The MP3 format exploded in popularity during the late ‘90s because it slashed the storage space needed for digital audio files by roughly 90%, without making the files sound excruciatingly over-compressed. One minute of audio needed just 1MB of storage space, but the other thing that helped make MP3s so popular (besides the rise of file sharing) was a media player called Winamp, first released in 1997. Out of the gate, it was incredibly polished and fully featured with support for playlists, an easy-to-use graphic-EQ, and an ever-growing collection of skins and visualizers.
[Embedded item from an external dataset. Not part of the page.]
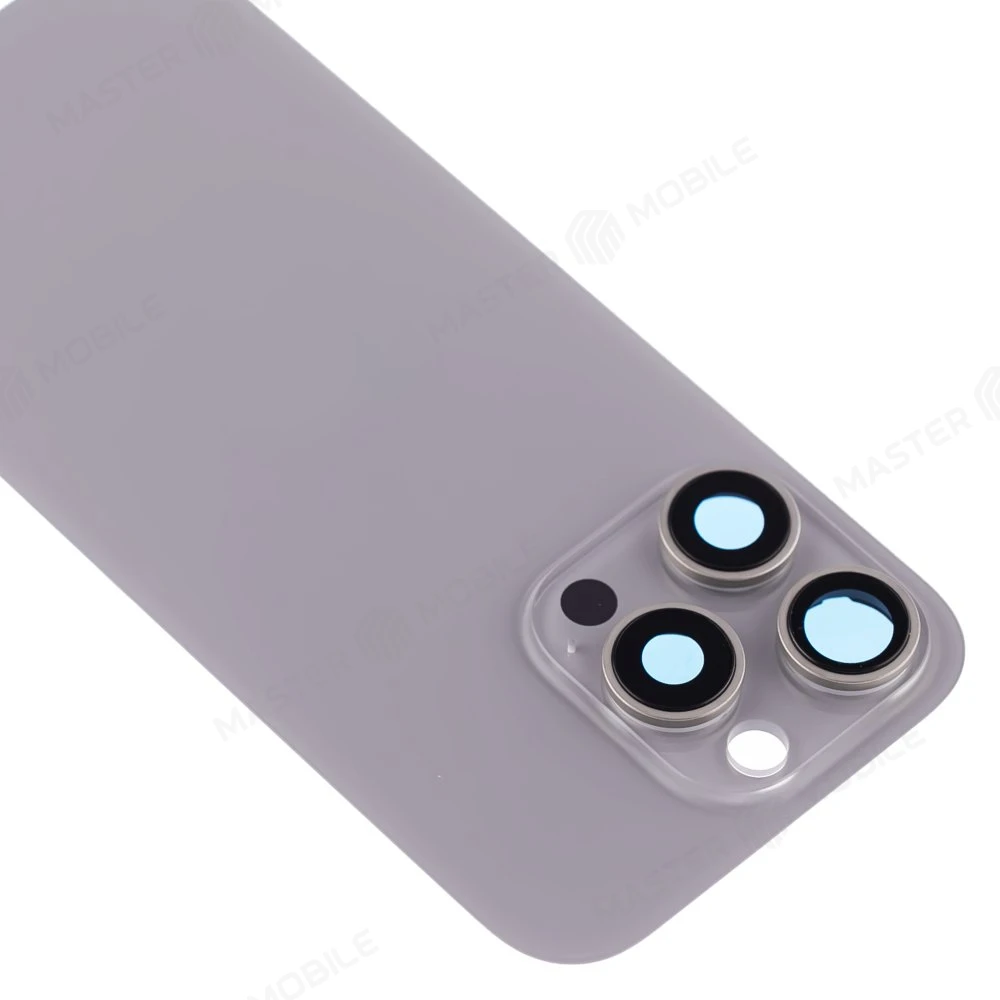 Задняя крышка для Apple iPhone 16 Pro (титановый) (в сборе со стеклом камеры) (Premium)  фото №3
If you had a big MP3 collection in the late ‘90s and early aughts you were also a devoted Winamp user, and probably still have a soft spot for the app.
Adafruit contributor Tim C clearly has fond memories of whipping the llama’s ass (a quote from the app’s sample file that would play the first time Winamp was launched) so they turned the $55 Adafruit PyPortal—a Python-powered IoT device similar to a touchscreen smart alarm clock but endlessly configurable and hackable—into a standalone Winamp device.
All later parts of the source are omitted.